It nearly started another War of the Roses, though.

The Yorkshiremen on the canal committee wanted a short, direct route from Barrowford to Whalley and onwards – the Lancastrians wanted the waterway to pass through the growing cotton towns of East Lancashire.

For three days at a crisis meeting in the Black Bull in Burnley, arguments went back and forth until the Red Rose side of the room threatened to pull out, take their money with them and form an independent canal building committee.

In 1794 a new Act was passed, changing the route of the canal to run via Burnley and Blackburn and the towns in between, instead of Whalley and Walton-le-Dale.

Whitworth, one of the greatest canal builders of the 18th century then went on to defeat another obstacle, nature’s perversity and blast a way for the canal through Gannow Top, using the earth that was removed to build a 50ft embankment.

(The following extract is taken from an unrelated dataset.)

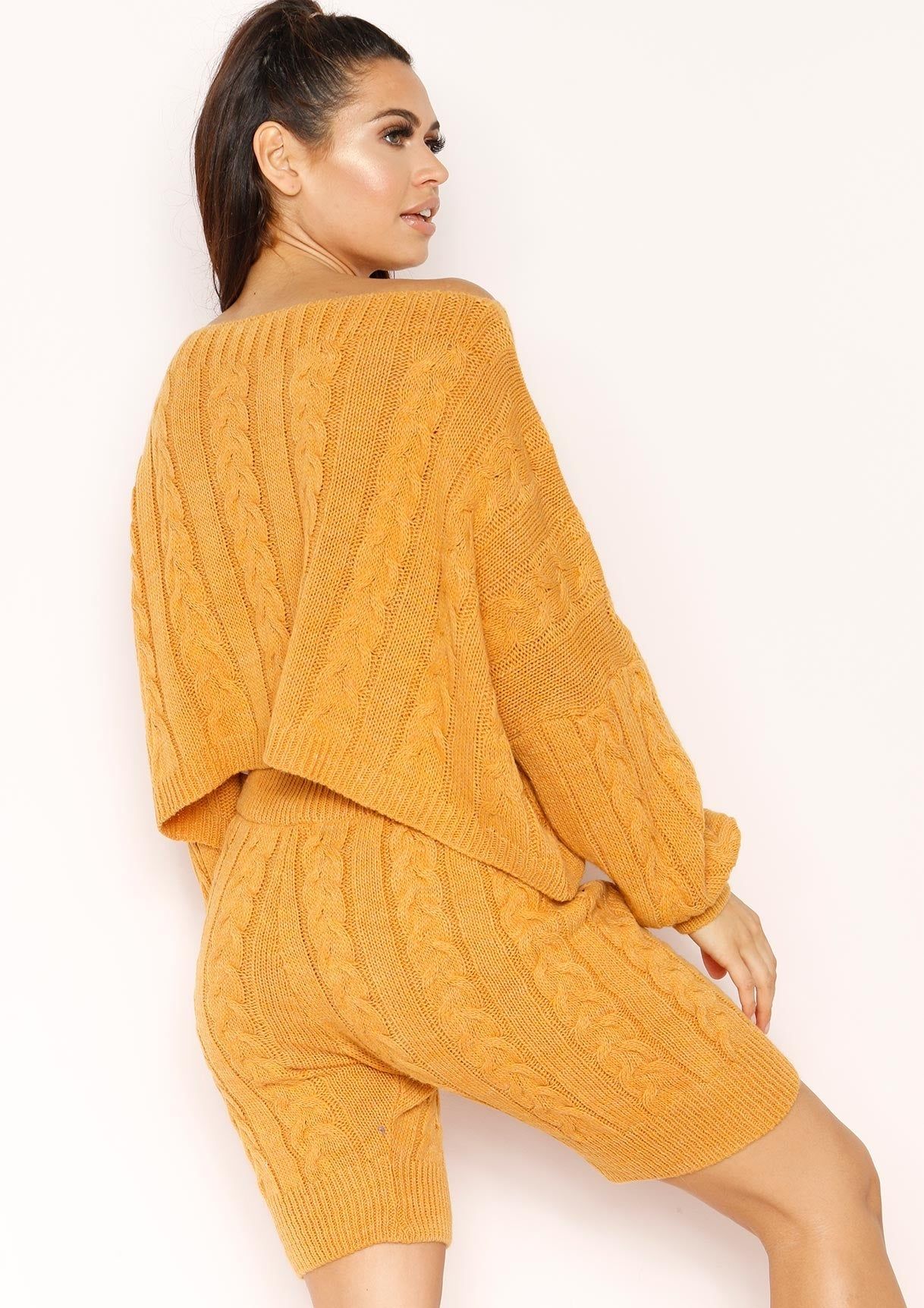 Abrianna Mustard Knit Shorts sold by Missy Empire product image thumbnail 4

The canal took 40 years of fighting, intrigue, skill and shear hard digging to complete – and is today a man-made wonder which straddles the Pennine backbone of England.

It also gave birth to a breed of men who became household names, such as Lancastrian John Longbottom, who took on the task of planning the 127-mile route which would link the growing industrial areas of East Lancashire, with both the Mersey and West Riding.

As well as the straight mile there are other particular features of the canal, such as Foulridge Tunnel which opened in 1796 and meant boat owners had to use their legs to propel their craft from one end to the other.

The next section from Burnley to Blackburn took 14 years to construct and included the series of locks in the cotton town, each one containing 80,000 gallons of water, all for the purpose of raising a boat by eight feet.

In the 1970s there was a canal enthusiast called Bill Hancock, who was known more affectionately as Lifeboat Bill.

He despaired at the derelict state of the waterway and the many mills, factories and warehouses at its banks.

Rotting barges and oil drums in the polluted waters were a grim reminder of a past era.

He said: “It’s a sacrilege. Every mill owner should be forced to keep his canal frontage neat and tidy and with a bit of modest investment, councils could landscape the banks.”

nThe first narrow boats played a key part in the economic changes of the British Industrial Revolution. They were wooden boats drawn by a horse walking on the canal towpath led by a crew member, often a child. Narrowboats were chiefly designed for carrying cargo, though some packet boats, carried passengers, luggage, mail and parcels.

Boatmen’s families originally lived ashore, but in the 1830s as canals started to suffer competition from the burgeoning railway system, families (especially those of independent single boat owner/skippers) began to live on board, partly because they could no longer afford rents, partly to provide extra hands to work the boats harder, faster and further, partly to keep families together.